This is a very easy walk on a well-prepared footpath, along the top of Talla Dam and down the side of the reservoir to the outflow tunnel from Fruid Reservoir. It is well worth taking this short walk, as it provides some fantastic views of the reservoir and surrounding hills.
Parking: There is a car parking area at the start of this walk, at the top of the dam, close to Victoria Lodge.
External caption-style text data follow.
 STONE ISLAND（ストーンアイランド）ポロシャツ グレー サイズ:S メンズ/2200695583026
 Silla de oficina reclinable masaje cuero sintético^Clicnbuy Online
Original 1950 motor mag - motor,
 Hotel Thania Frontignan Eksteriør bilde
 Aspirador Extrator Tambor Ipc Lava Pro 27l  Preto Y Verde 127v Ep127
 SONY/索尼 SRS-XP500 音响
The dam was built between 1897 and 1905 to meet the increasing requirements for water from Edinburgh. An aqueduct still carries the water through the hills, all the way to Edinburgh. The construction of the earthwork dam and the underground aqueduct was a major feat of Victorian engineering, and was built by an army of 500 labourers managed by the construction firm James Young and Sons, until they went bankrupt, and then by John Best of Leith. The reservoir is now managed by Scottish Water, and draws water from a catchment of 2501 hectares. It is about 2.5 miles long, and it is deepest at the dam side, at about 24.4 metres (80ft).
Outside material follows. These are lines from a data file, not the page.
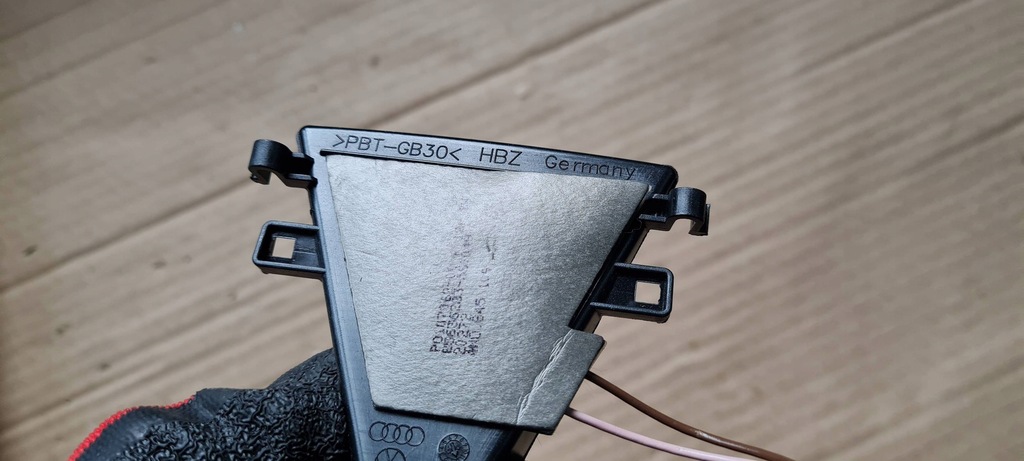 фото №6, Sq8 4m rsq8 q8 захист нагрівач датчика датчик дощу 4n0845109 sq7 4m a6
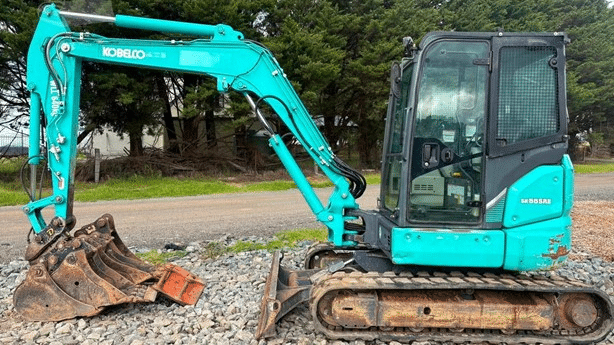 Used Kobelco SK55SRX-6 Excavators
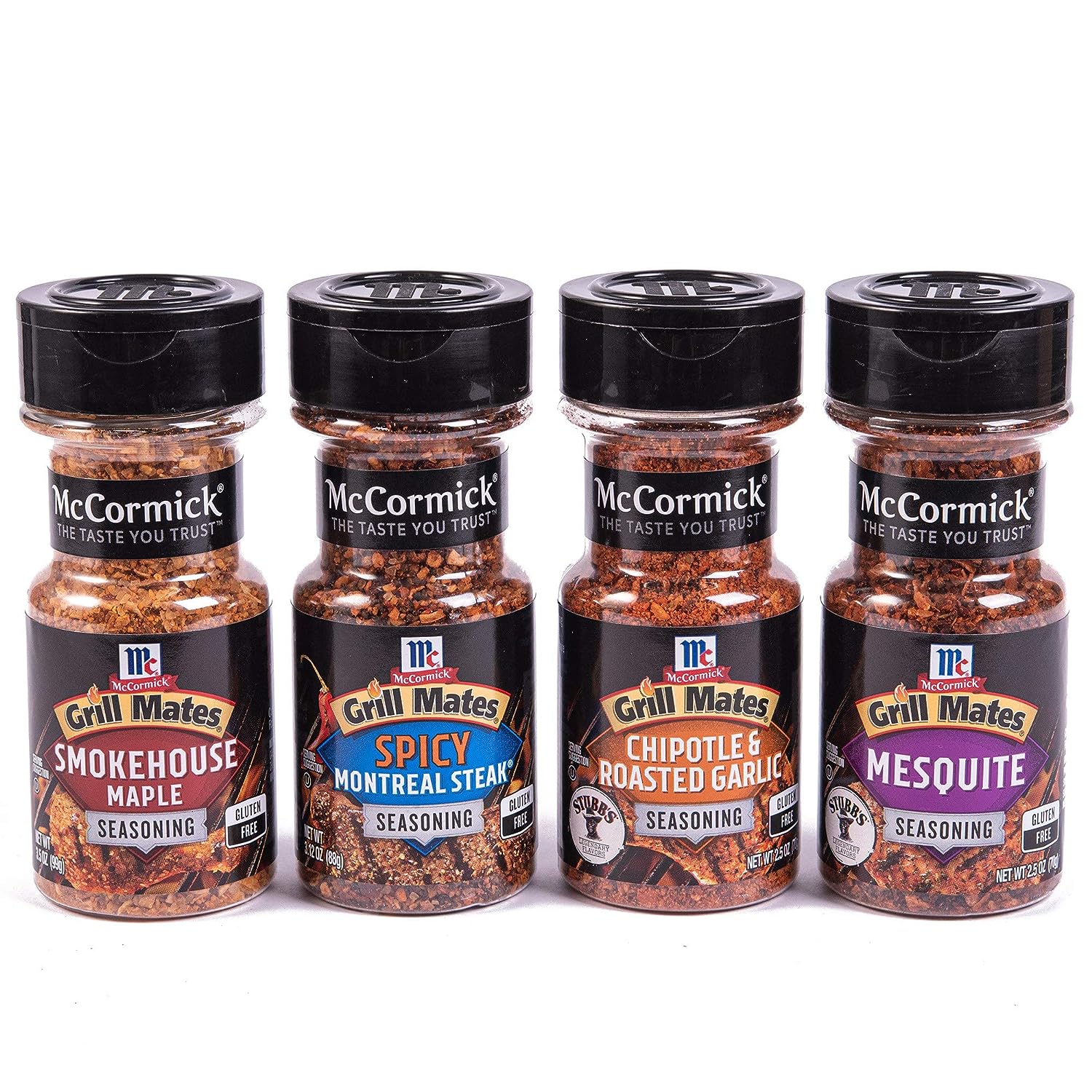 McCormick Grill Mates Unique Blends Grilling Variety Pack (Chipotle & Roasted Garlic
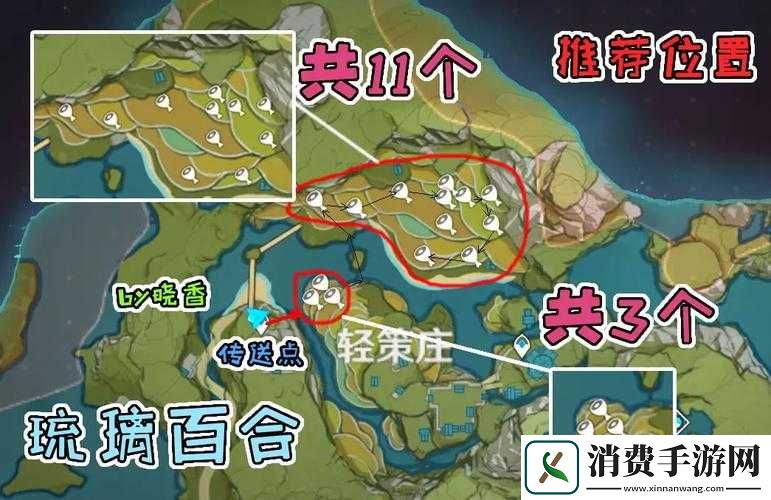 原神轻策庄琉璃百合位置何在-探寻其背后的深度解析与隐藏逻辑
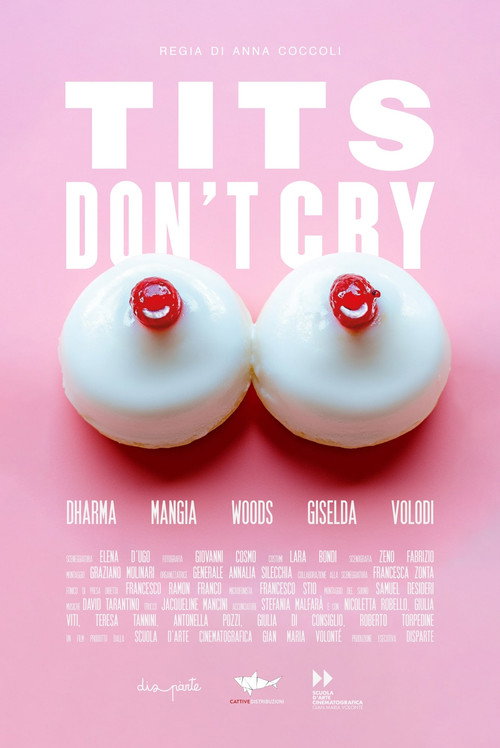 Movie poster for Tits don't cry (2025)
This route follows the well-constructed path down the south-west side of the reservoir. To reach the start of the walk, either walk along the top of the dam on the grassy bank, or walk along the road, and you can access the walk just after the road turns the corner. NEED THE NEW GATE
Head along the side of the dam until you cross a bridge, and on your left is a bench overlooking the reservoir with stunning views. If you look back across the reservoir, you will see Victoria Lodge, now a private dwelling, that was built in 1897 as the headquarters for the Trustees of the Edinburgh Water Company. This Category B listed building was built in the Scots Renaissance style, and still retains many of the original features.
Continue a short distance to the inlet from Fruid Reservoir. If you choose to descend the steep steps, take care as they can be slippery. Fruid Reservoir was opened in 1967 to top up the water supplies as the demands from Edinburgh increased.
The water from Talla Water was diverted into the bed of the reservoir on 20th May 1905, and was officially opened in 28th September by Lady Cranston, the wife of the Lord Provost. The total cost of the construction was £1.25 million (the equivalent of £156 million in 2020).
Along the edge of the reservoir, look out for remnants and relics of the railway line that would have carried building materials down the side of the reservoir.